* PROBLEM STATEMENT
Find the line with "Three hot economic" in the entries below, then output every line from it down to the line with "辅导员培训培养计划安排表", exactly and with no pictures.

>>

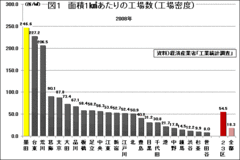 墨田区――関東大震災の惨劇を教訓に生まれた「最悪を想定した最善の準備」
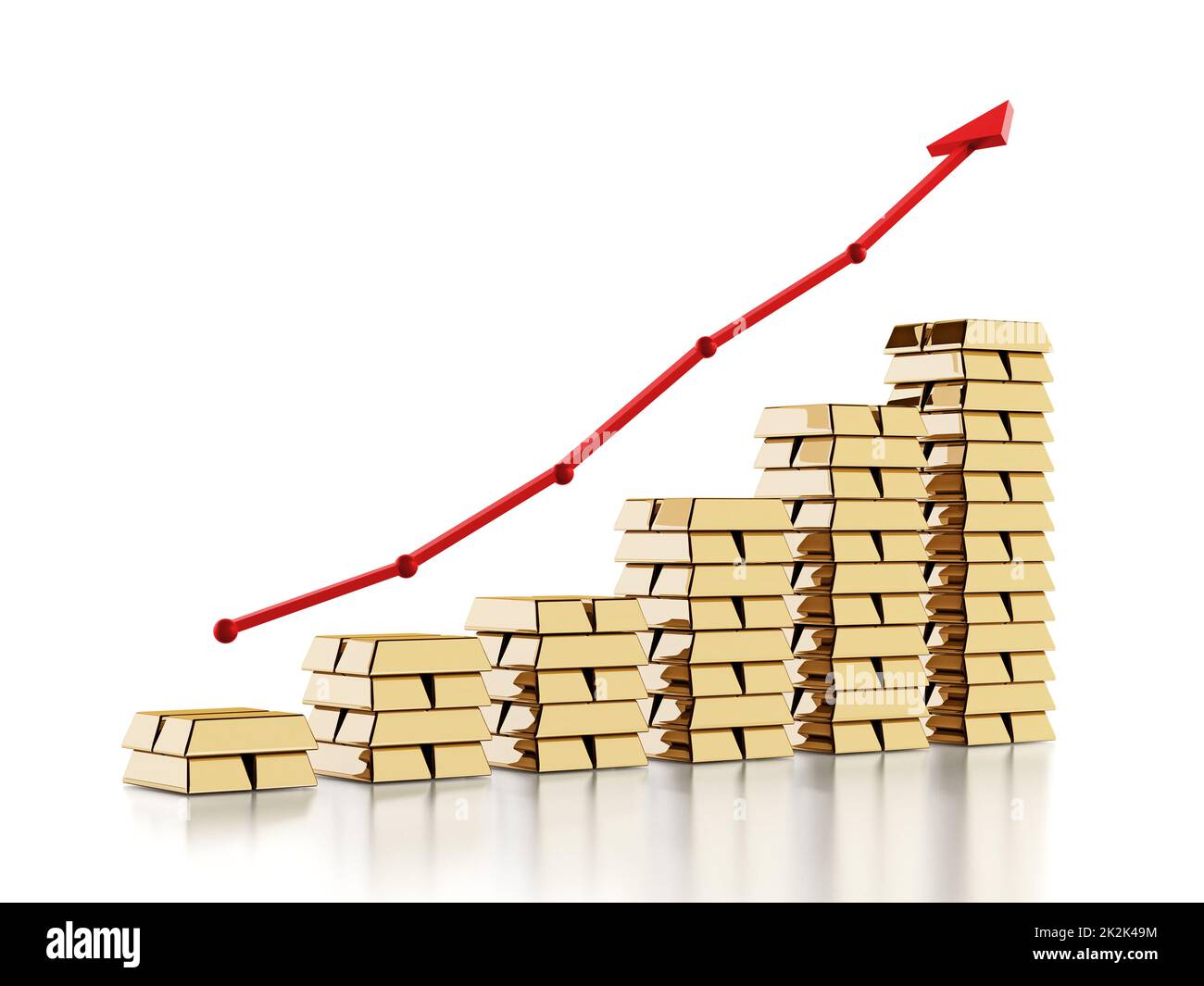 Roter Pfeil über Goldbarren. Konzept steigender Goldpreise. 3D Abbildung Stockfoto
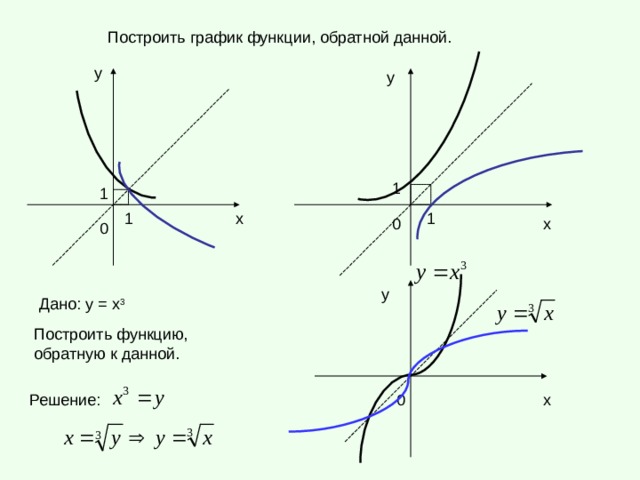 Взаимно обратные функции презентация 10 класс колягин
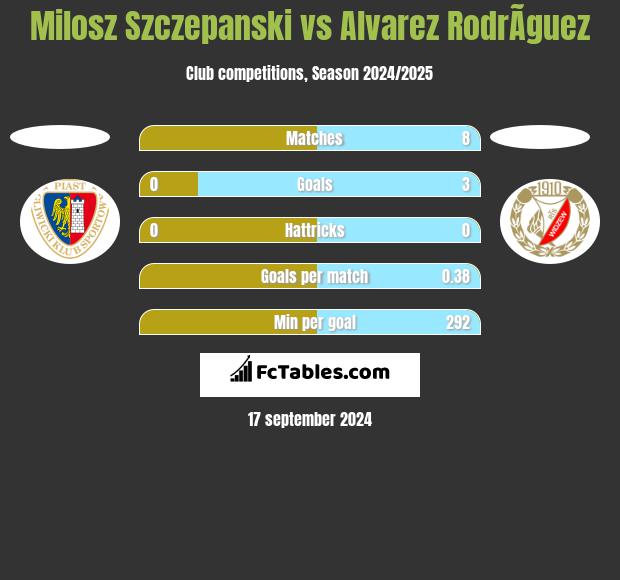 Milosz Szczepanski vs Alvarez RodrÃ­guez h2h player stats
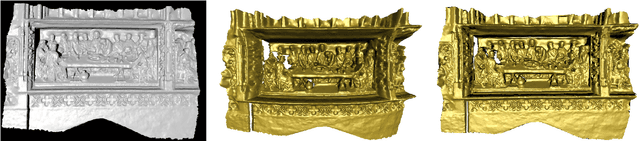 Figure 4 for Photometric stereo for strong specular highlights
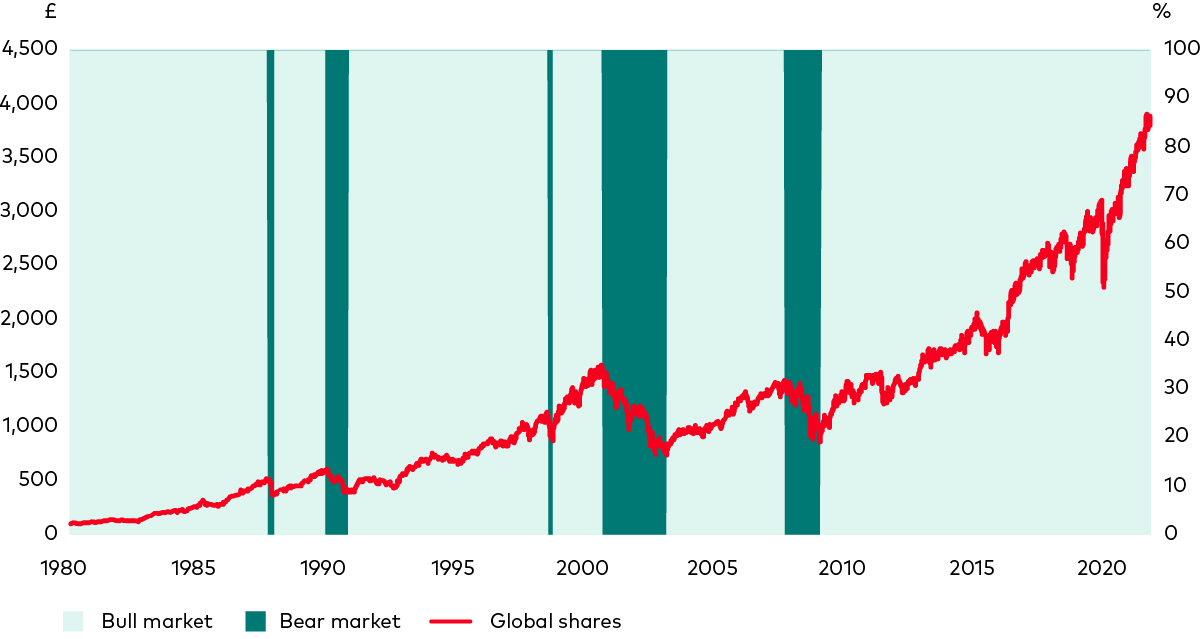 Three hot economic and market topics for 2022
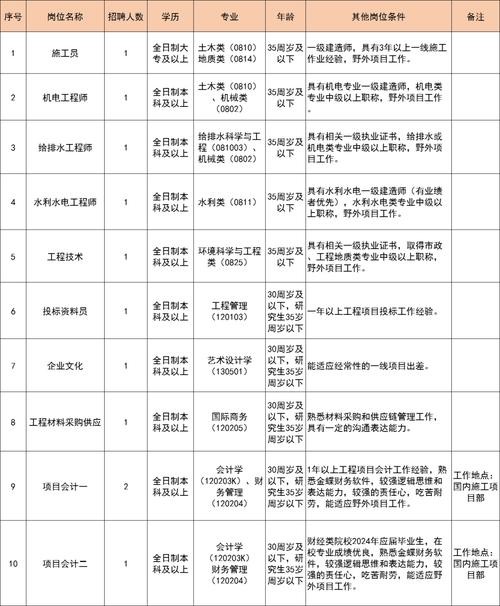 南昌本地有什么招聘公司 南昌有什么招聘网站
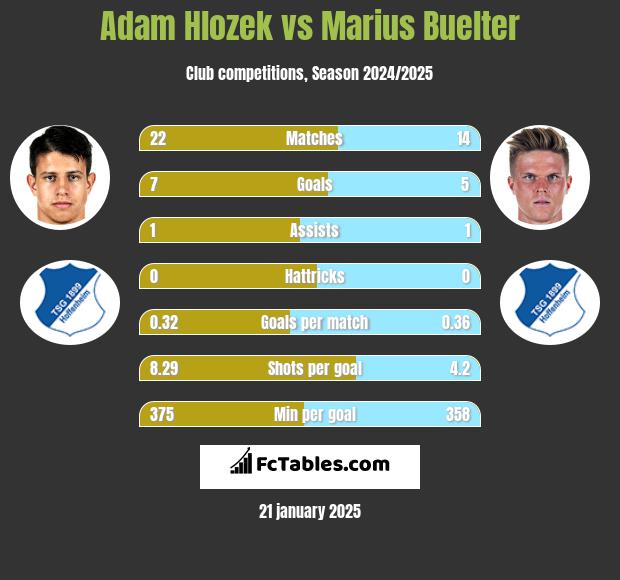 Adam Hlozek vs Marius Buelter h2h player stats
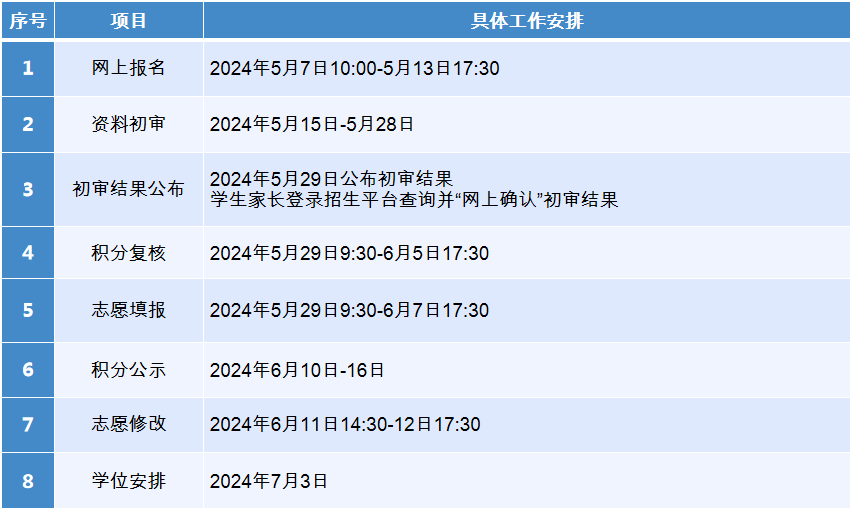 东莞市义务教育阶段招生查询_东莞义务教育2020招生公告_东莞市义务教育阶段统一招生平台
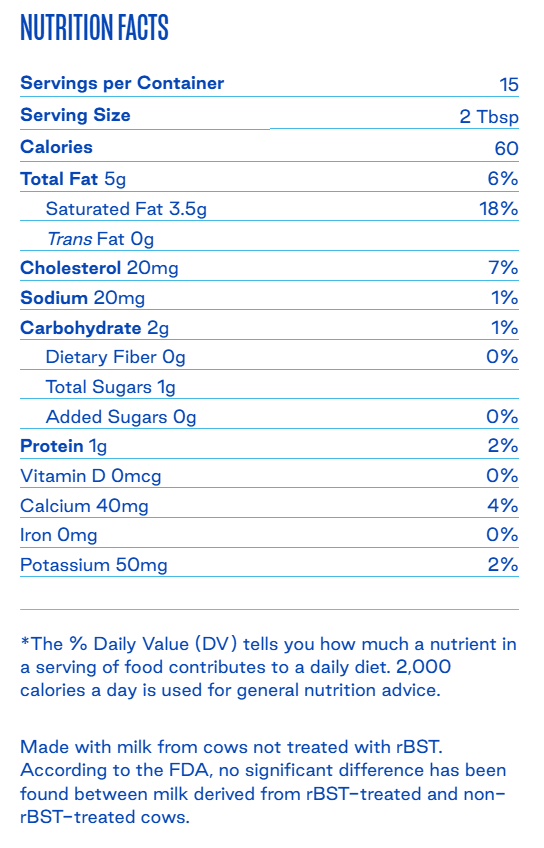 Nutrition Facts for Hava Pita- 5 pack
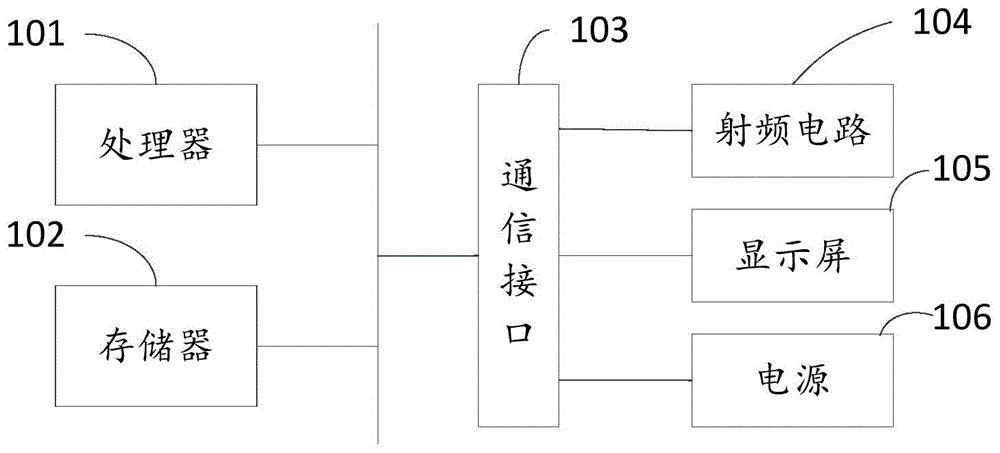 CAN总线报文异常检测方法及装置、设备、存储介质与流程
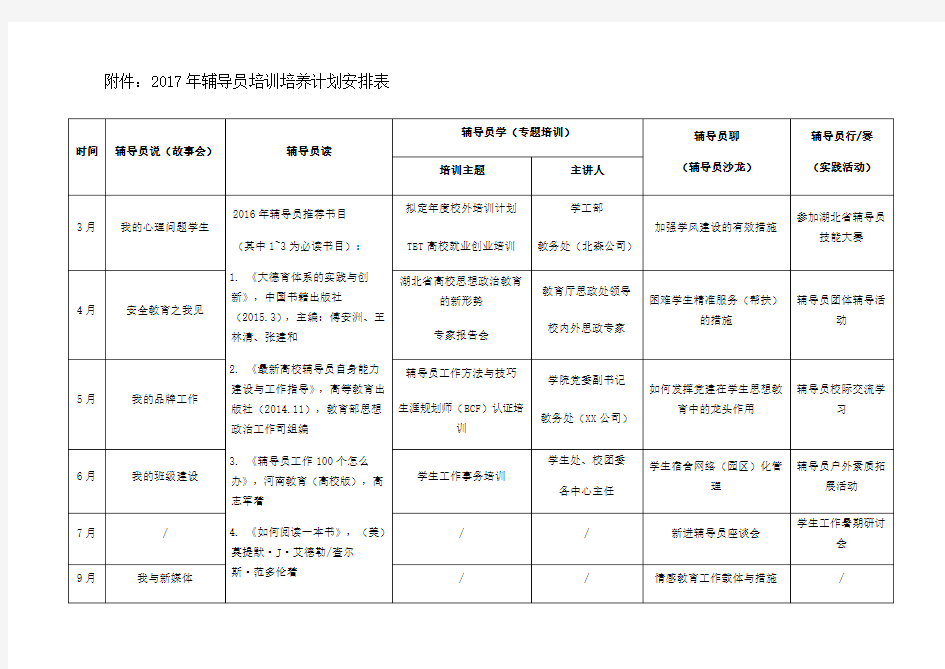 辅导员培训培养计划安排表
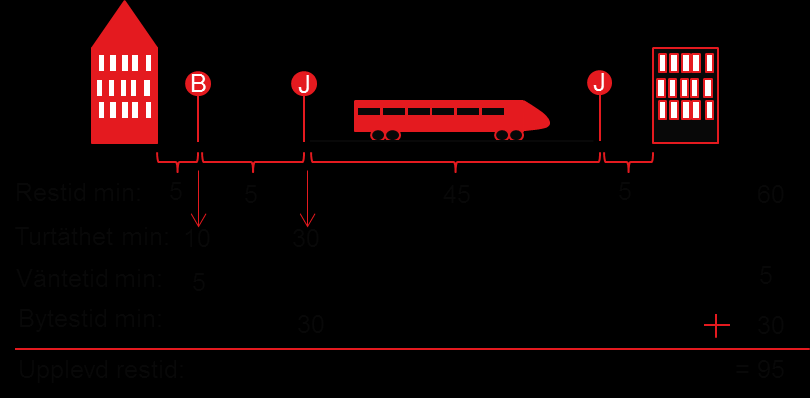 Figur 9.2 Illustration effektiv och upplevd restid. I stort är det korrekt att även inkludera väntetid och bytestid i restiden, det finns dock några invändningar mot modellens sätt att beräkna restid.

<<

* RESPONSE BELOW
 Three hot economic and market topics for 2022
 南昌本地有什么招聘公司 南昌有什么招聘网站
 Adam Hlozek vs Marius Buelter h2h player stats
 东莞市义务教育阶段招生查询_东莞义务教育2020招生公告_东莞市义务教育阶段统一招生平台
 Nutrition Facts for Hava Pita- 5 pack
 CAN总线报文异常检测方法及装置、设备、存储介质与流程
 辅导员培训培养计划安排表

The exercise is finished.